→ **WHAT NEEDS TO BE DONE**: From the first line to the last, please print the entries exactly, omitting pictures.

----------------------------------------

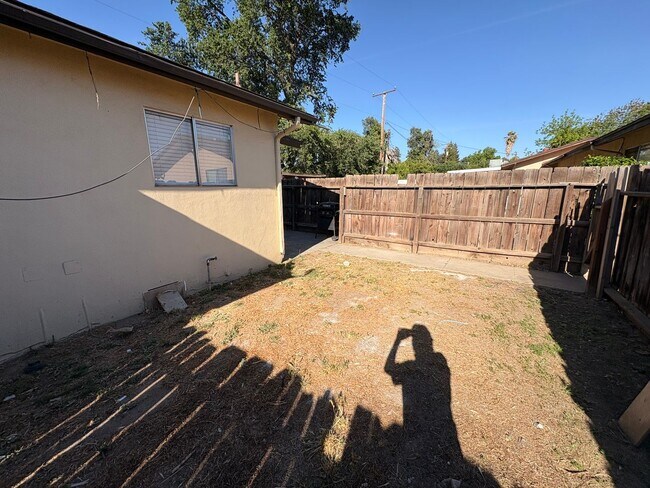 Building Photo - 0817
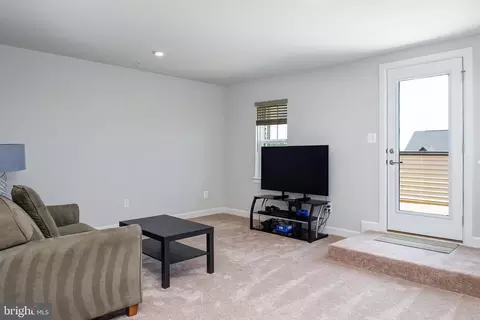 22170 Maple Tree Ter, Ashburn, VA 20148 photo 24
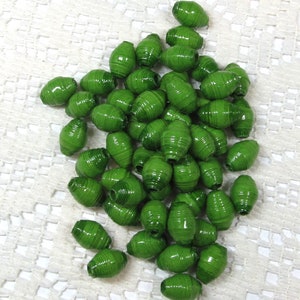 Paper Beads, Loose Handmade, Jewelry Spacers, Jewelry Making Supplies, Kelly Green image 4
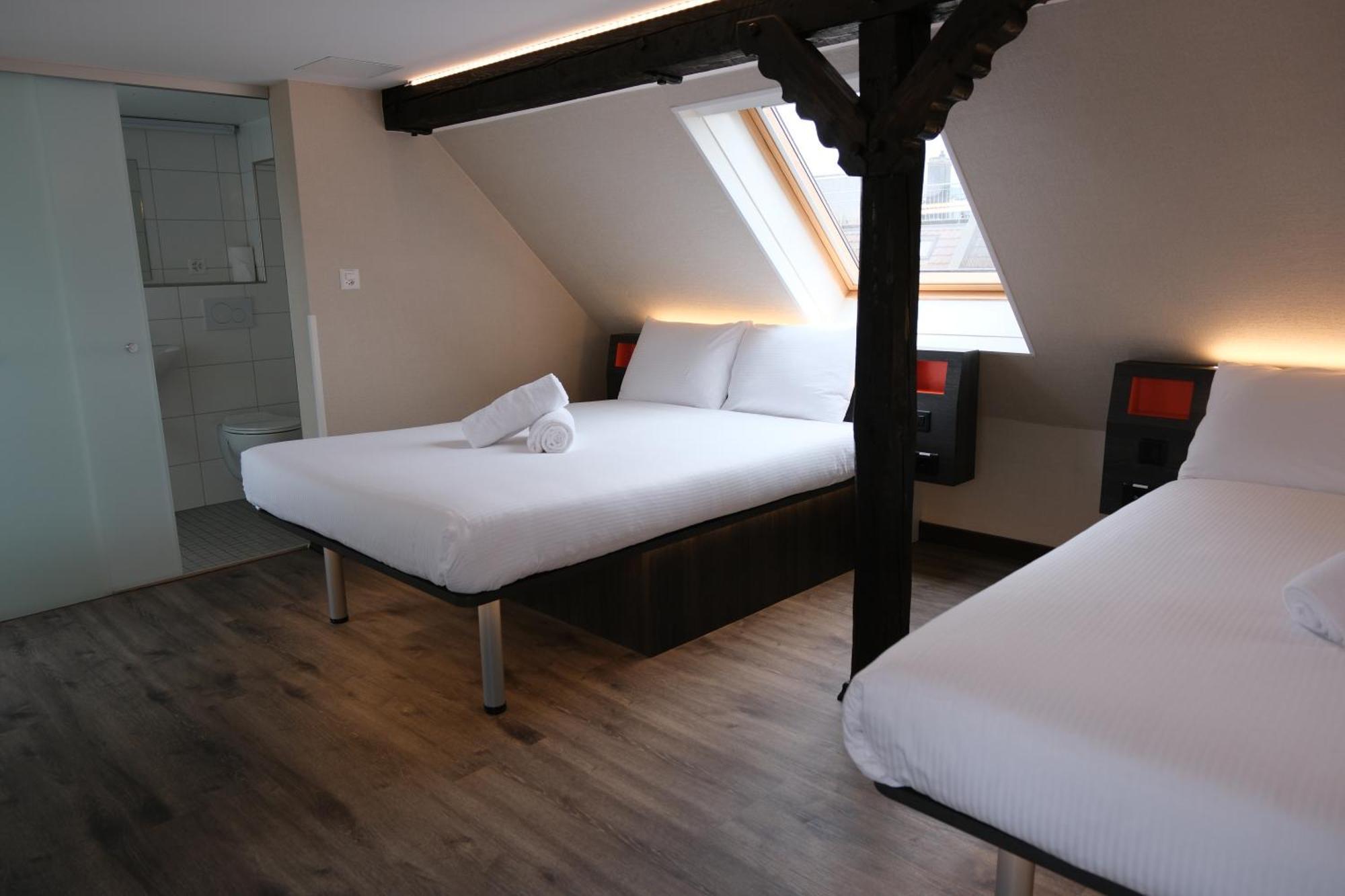Easyhotel Zuerich Main Station Buitenkant foto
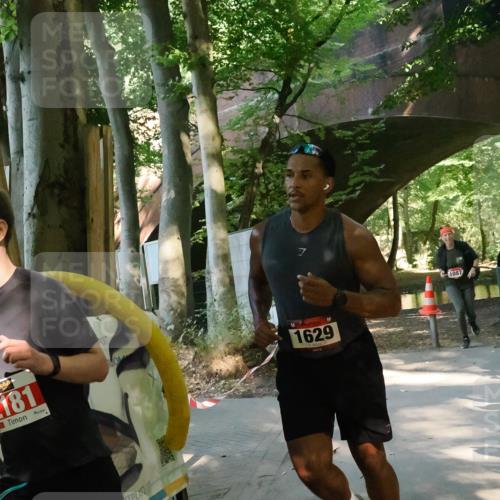 28.09.2025 - 33. Volkslauf durch das schöne Alstertal Fabian Wolf http://msf.ph/oto/8975402 28.09.2025 12:19:24 Laufen 181, 1629, 1087 meine-sportfotos.de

----------------------------------------

→ **ANSWER TO THIS EXERCISE**:
 Building Photo - 0817
 22170 Maple Tree Ter, Ashburn, VA 20148 photo 24
 Paper Beads, Loose Handmade, Jewelry Spacers, Jewelry Making Supplies, Kelly Green image 4
Easyhotel Zuerich Main Station Buitenkant foto
 28.09.2025 - 33. Volkslauf durch das schöne Alstertal Fabian Wolf http://msf.ph/oto/8975402 28.09.2025 12:19:24 Laufen 181, 1629, 1087 meine-sportfotos.de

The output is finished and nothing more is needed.